= Work to complete =
Using the listing below, copy exactly each line from the one that has "If none of these" through the one that has "In addition, Excel"; omit the pictures.

= Records for this task =
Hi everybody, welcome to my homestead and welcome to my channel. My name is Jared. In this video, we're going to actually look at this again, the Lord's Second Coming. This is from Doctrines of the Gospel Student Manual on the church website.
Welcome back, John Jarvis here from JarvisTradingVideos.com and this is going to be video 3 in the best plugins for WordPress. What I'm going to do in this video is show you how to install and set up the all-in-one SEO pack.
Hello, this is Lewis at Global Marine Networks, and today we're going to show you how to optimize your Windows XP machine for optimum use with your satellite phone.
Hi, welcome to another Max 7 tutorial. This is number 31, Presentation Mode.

* * *

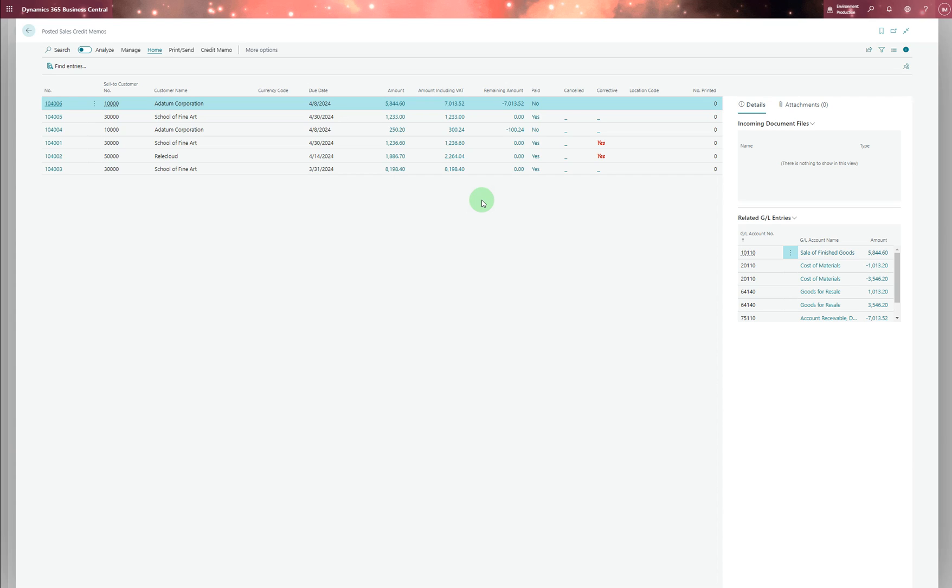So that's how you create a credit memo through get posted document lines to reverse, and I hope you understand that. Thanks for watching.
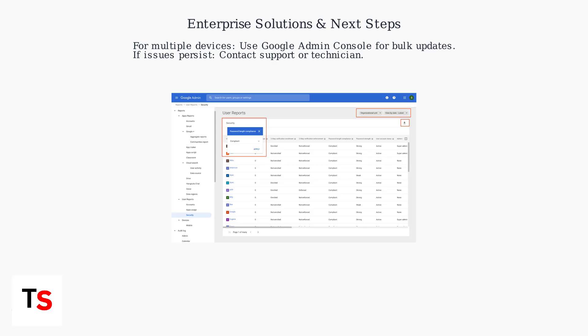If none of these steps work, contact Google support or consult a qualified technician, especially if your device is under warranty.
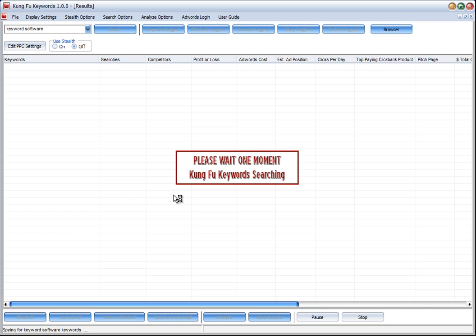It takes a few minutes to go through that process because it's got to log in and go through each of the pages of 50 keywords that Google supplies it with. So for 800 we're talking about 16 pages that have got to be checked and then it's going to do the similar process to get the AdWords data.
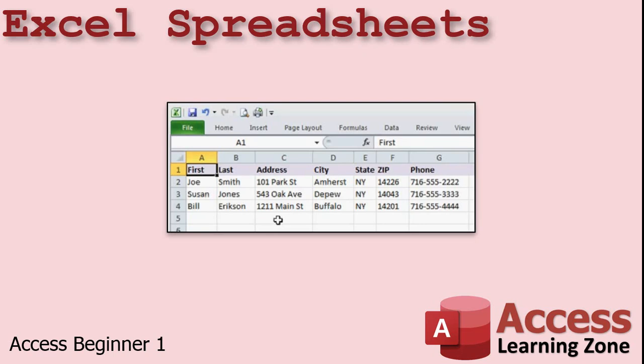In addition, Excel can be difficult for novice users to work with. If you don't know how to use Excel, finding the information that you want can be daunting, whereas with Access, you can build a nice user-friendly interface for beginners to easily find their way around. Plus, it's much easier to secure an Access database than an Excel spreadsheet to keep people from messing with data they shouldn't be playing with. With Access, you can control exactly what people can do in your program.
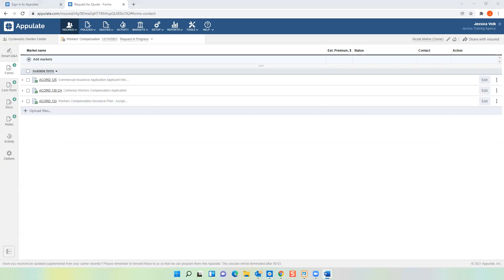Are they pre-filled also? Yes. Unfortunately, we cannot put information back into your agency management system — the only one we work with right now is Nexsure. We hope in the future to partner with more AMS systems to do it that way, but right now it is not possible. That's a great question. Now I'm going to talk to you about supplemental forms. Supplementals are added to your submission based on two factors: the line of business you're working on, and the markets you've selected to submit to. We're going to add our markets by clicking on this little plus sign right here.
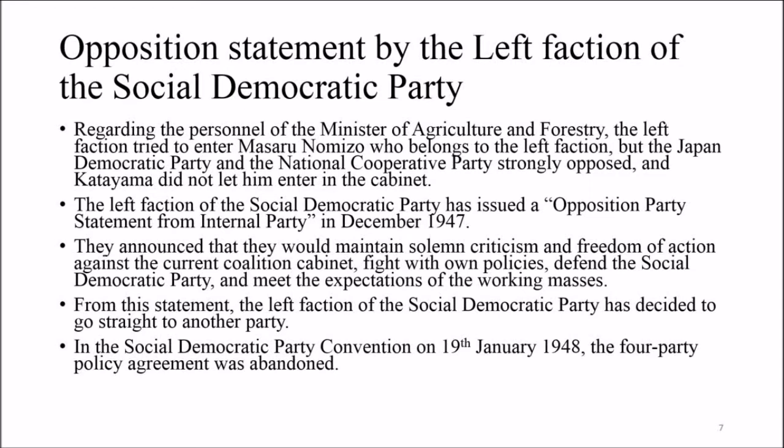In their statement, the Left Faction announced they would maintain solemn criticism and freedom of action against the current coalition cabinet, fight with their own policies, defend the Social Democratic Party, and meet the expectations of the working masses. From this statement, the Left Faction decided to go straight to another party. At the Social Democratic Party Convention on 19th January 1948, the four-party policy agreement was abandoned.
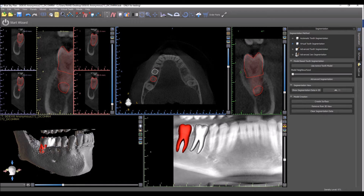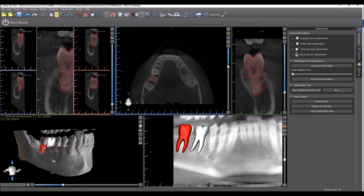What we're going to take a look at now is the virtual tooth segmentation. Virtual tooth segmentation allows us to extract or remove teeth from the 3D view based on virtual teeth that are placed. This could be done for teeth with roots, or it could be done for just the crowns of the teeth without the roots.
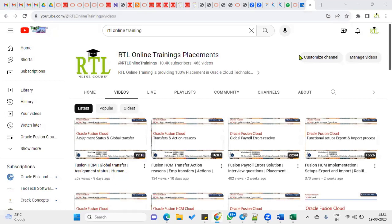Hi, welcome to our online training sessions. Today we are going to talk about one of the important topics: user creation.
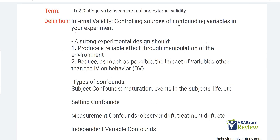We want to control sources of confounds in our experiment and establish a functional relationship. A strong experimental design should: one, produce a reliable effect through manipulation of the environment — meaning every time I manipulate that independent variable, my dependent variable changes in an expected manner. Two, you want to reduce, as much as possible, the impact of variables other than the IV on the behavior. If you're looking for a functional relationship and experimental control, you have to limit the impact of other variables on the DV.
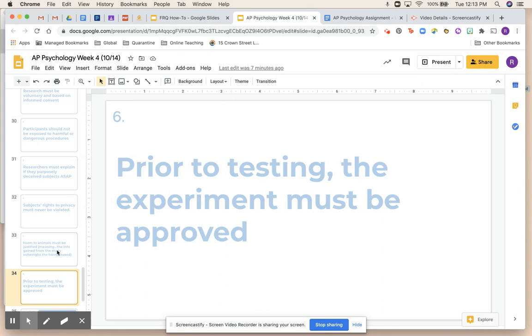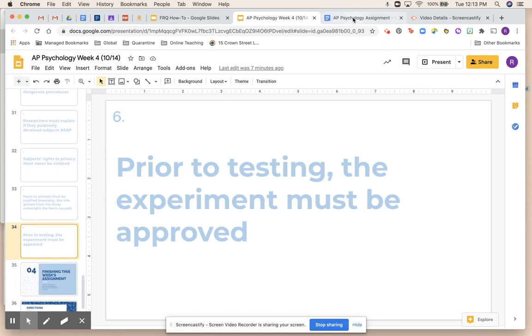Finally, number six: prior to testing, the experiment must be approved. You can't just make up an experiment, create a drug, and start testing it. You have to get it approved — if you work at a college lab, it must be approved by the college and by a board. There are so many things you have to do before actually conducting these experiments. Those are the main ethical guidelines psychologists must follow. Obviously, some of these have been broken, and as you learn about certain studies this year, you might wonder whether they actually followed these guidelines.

= Output of the exercise =
If none of these steps work, contact Google support or consult a qualified technician, especially if your device is under warranty.
It takes a few minutes to go through that process because it's got to log in and go through each of the pages of 50 keywords that Google supplies it with. So for 800 we're talking about 16 pages that have got to be checked and then it's going to do the similar process to get the AdWords data.
In addition, Excel can be difficult for novice users to work with. If you don't know how to use Excel, finding the information that you want can be daunting, whereas with Access, you can build a nice user-friendly interface for beginners to easily find their way around. Plus, it's much easier to secure an Access database than an Excel spreadsheet to keep people from messing with data they shouldn't be playing with. With Access, you can control exactly what people can do in your program.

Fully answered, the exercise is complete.